The Lough Erne Accountability Report states that the G8 has played a constructive role in promoting better governance in the developing world. It cites the G8’s 70 percent funding of the Africa Peer Review Mechanism to promote democratic processes, citizen rights, and the rule of law. The Report goes on to highlight examples of how corruption and corporate social responsibility are being addressed.

International Cooperation Minister Julian Fantino commented that “the report shows that Canada delivers on its commitments. Looking forward, Canada will continue to work with its G-8 partners to reduce poverty and promote sustainable economic growth in the developing world.” He pointed to May’s announcement of the ‘Building a Capable State’ project to assist South Africa in strengthening public institutions to deliver quality, accountable services.

Africa Governance Initiative patron Tony Blair says that “countries with good governance do best at turning economic growth into improved well-being.” The ‘Africa rising’ narrative is central to the debate on the continent’s development.

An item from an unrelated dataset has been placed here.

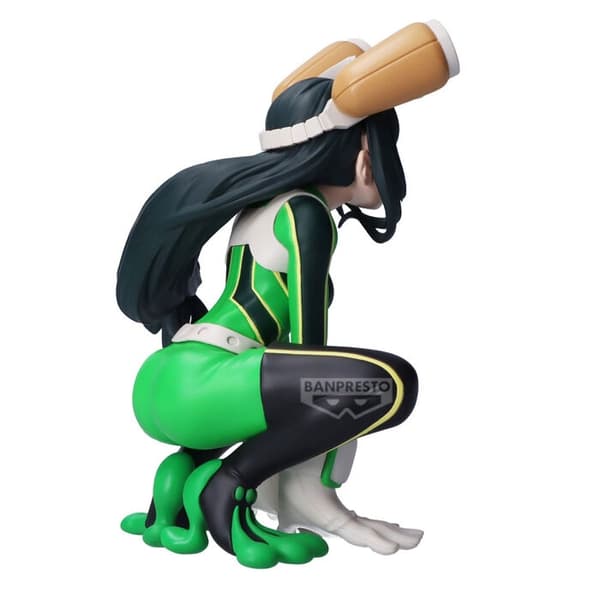 My Hero Academia Tsuyu Asui Glitter &#38; Glamours figure 14cm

Eight of the world’s top 30 countries making the greatest gains in well-being in the last five years are from sub-Saharan Africa. Their governments committed politically to reform, prioritized reforms ruthlessly, and implemented supporting structures and systems.

The international scene witnessed disparate notions and controversial measures of governance over the past decade — ‘good enough’ governance, ‘best fit’ solutions, common indicators, comparative rankings. To improve clarity, the Commonwealth embraced the following definitions to operationalize development work and gauge progress:

• ‘Governance’ involves the formation and stewardship of the formal and informal rules that regulate the public realm, including its political, economic and social dimensions; and
• ‘Good Governance’ enables the development of public value through institutions and processes that promote accountability, transparency, predictability, participation, and capacity.

Stanford’s Francis Fukuyama questions how the quality of government and its institutions should be defined conceptually and measured practically: What are the features of good governance? How has the quality of public sector management evolved? What are the key trends and drivers of change? How can reforms improve the quality of government? He sees a causal chain between the quality of governance institutions and efforts to tackle exclusion, prevent corruption, and improve service delivery.

As a founding member and the seventh-largest shareholder in the World Bank Group, Canada has a responsibility and platform to ensure that the development community achieves real results in a fragile global economy. It has a big stake in development outcomes like growth, competitiveness, and poverty reduction. Canada can be a game changer when it models good governance and champions ‘value for many’. Its domestic record and credibility have been spotty of late.